Akhlak yang dibangun atas dasar keikhlasan inilah makna aplikatif dari tasawuf. Tasawuf hadhari bukanlah teori, tetapi ia adalah praktisi. Maka, sangat keliru jika ada yang mengaku ahli tasawuf sementara informasi yang dimiliki hanya berdasarkan bacaan teks semata, bukan dibangun berdasarkan pikiran dan rasa. Tasawuf adalah prilaku yang menghadirkan diri pada diri orang lain. Dalam praktek tasawuf tidak mengenal adanya sabjektifitas diri. Mendalaminya sejauh ia memahami dirinya sendiri. 

Artinya, melihat objek yang lain seperti ia melihat subjek diri. Dalam hal ini setiap kita adalah subjek. Jadi, tidak adalagi objek yang diperlakukan sebagai bahan kajian semata. Dari sinilah, mesti kekuasaan membangun bacaan melalui pikiran dan rasa, sehingga rakyat yang mengamanahkan kekuasaan padanya tidak diposisikan sebagai objek diri yang selalu dipermainkan sesuai dengan selera dan kepentingan pemilik kuasa. Apalagi menjadikan objek sebagai manfaat baginya.

Kelompok-kelompok tasawuf teori hanya memiliki pengikut yang banyak, namun tidak dalam konteks hadhari. Terkadang, kelompok-kelompok ini (tasawuf teori) orientasinya tidak lagi murni menyebarkan pikiran dan rasa pada orang lain, namun lebih pada menciptakan kelompok. 
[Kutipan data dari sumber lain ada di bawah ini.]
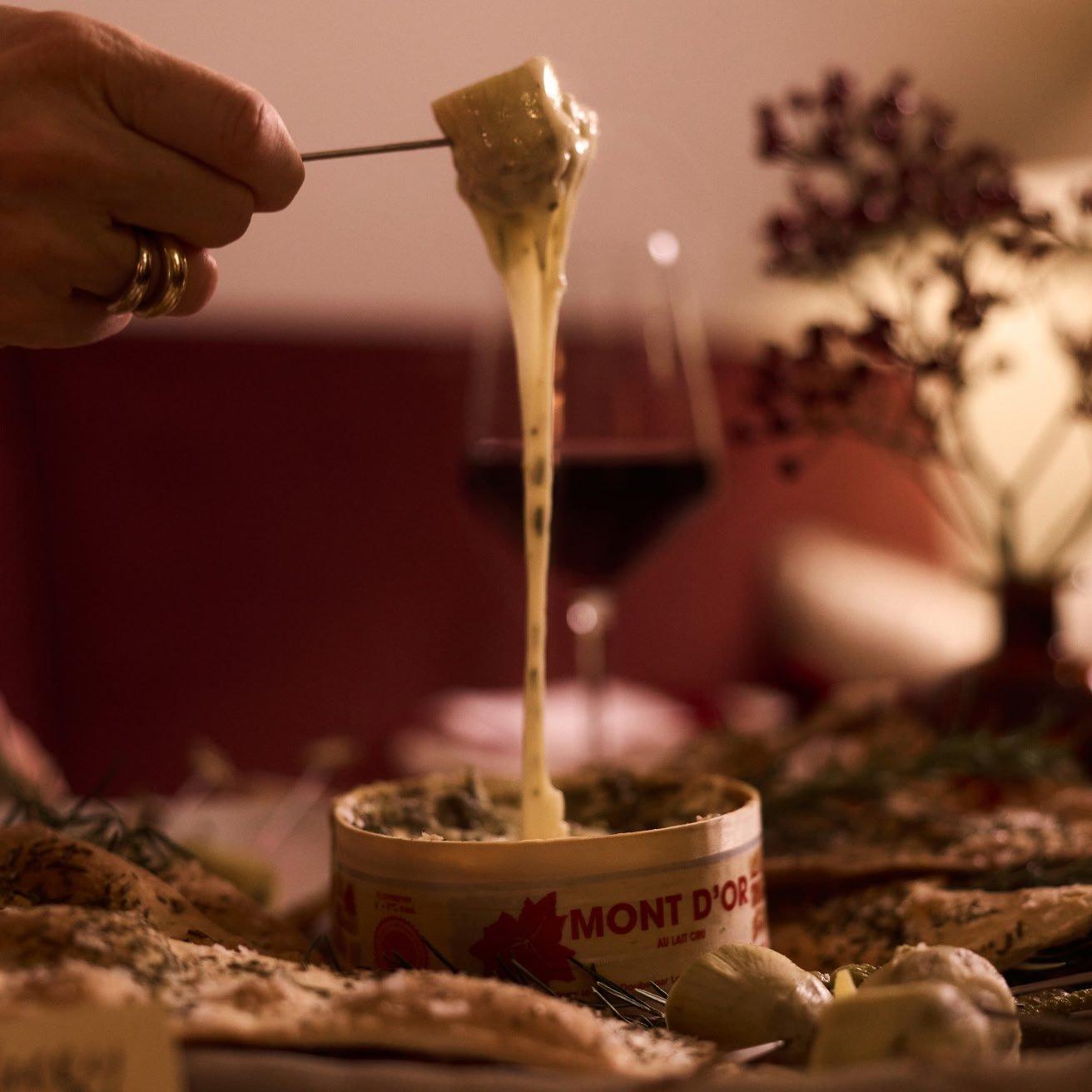 a table with a cake, wine, candles and a wreath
Ini dapat dilihat dari cara mereka membela kelompoknya ketika berbenturan ide dengan pikiran-pikiran yang lain. Tepatnya tasawuf menghadirkan subjek. Jika setiap kita saling memposisikan diri sebagai subjek semesta, maka tidak adalagi objek-obek yang dirugikan dalam hidup ini. Seharusnya peradaban manusia harus dibangun berdasarkan konsep saling membangun sabjek diri, tanpa ada yang diobjekkan.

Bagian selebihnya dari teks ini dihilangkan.